Material provided.
--- START ---
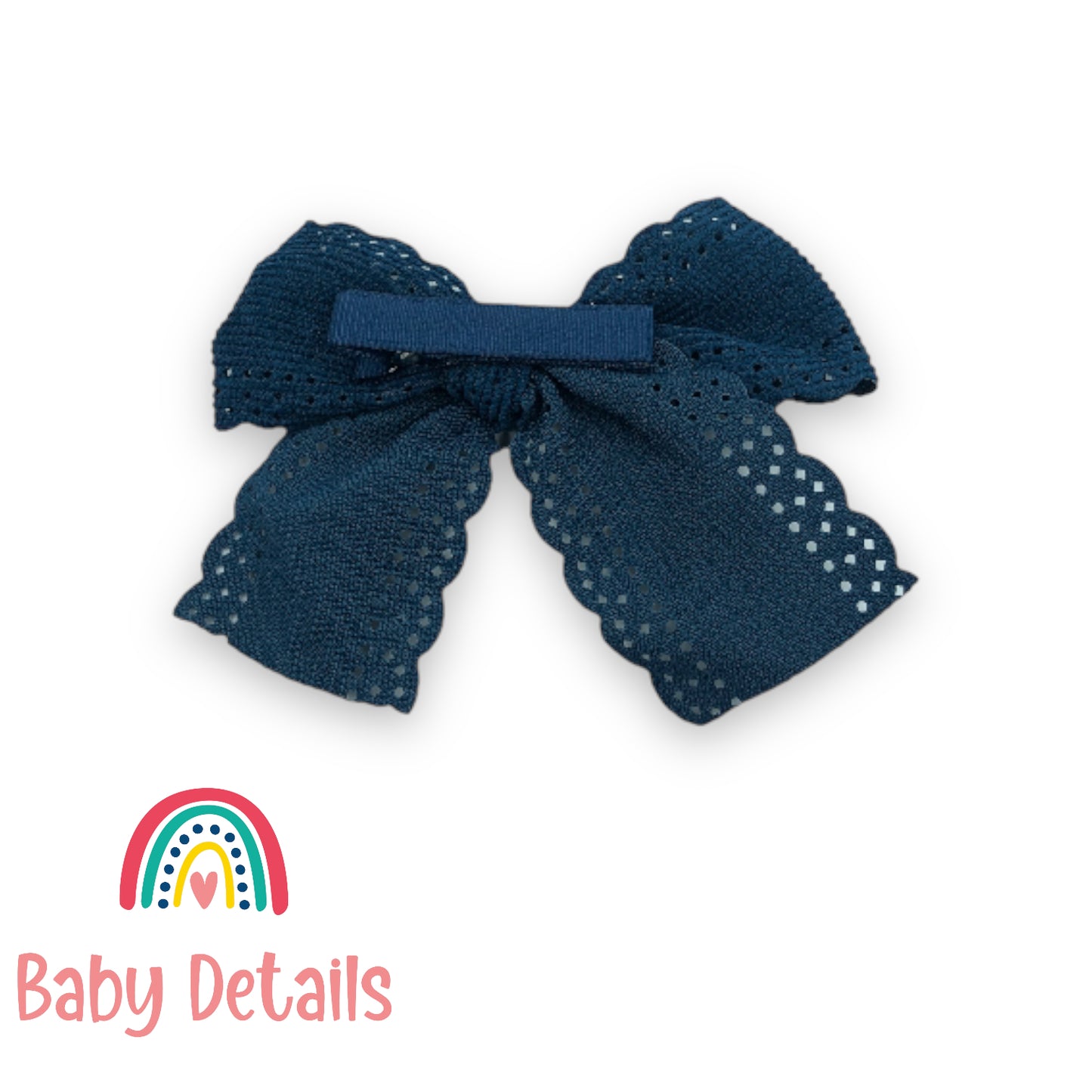 Velvet Bow Hair Clip Navy Blue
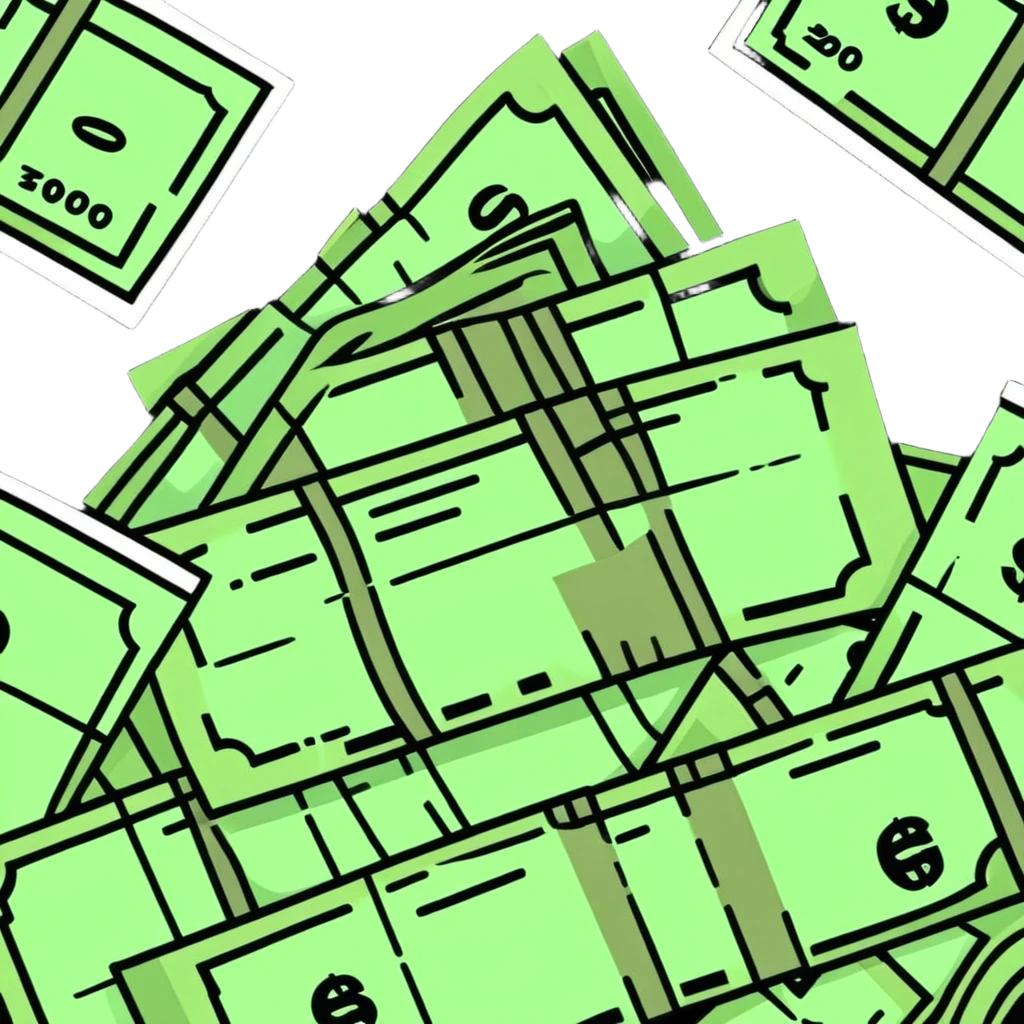 mountain of cash money bills emoji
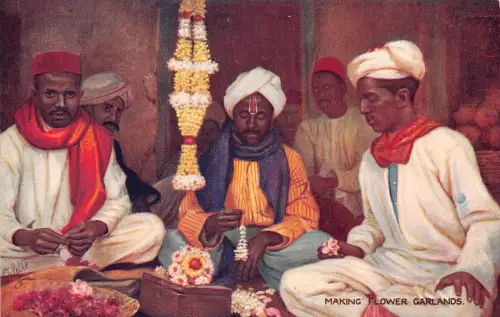 A993 Indiens Ureinwohner machen Blumengirlanden Kunst Oilette ethnische Art Postkarte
--- END ---
What is required.
Repeat the material exactly. Skip the images.

Result of the task.
 Velvet Bow Hair Clip Navy Blue
 mountain of cash money bills emoji
 A993 Indiens Ureinwohner machen Blumengirlanden Kunst Oilette ethnische Art Postkarte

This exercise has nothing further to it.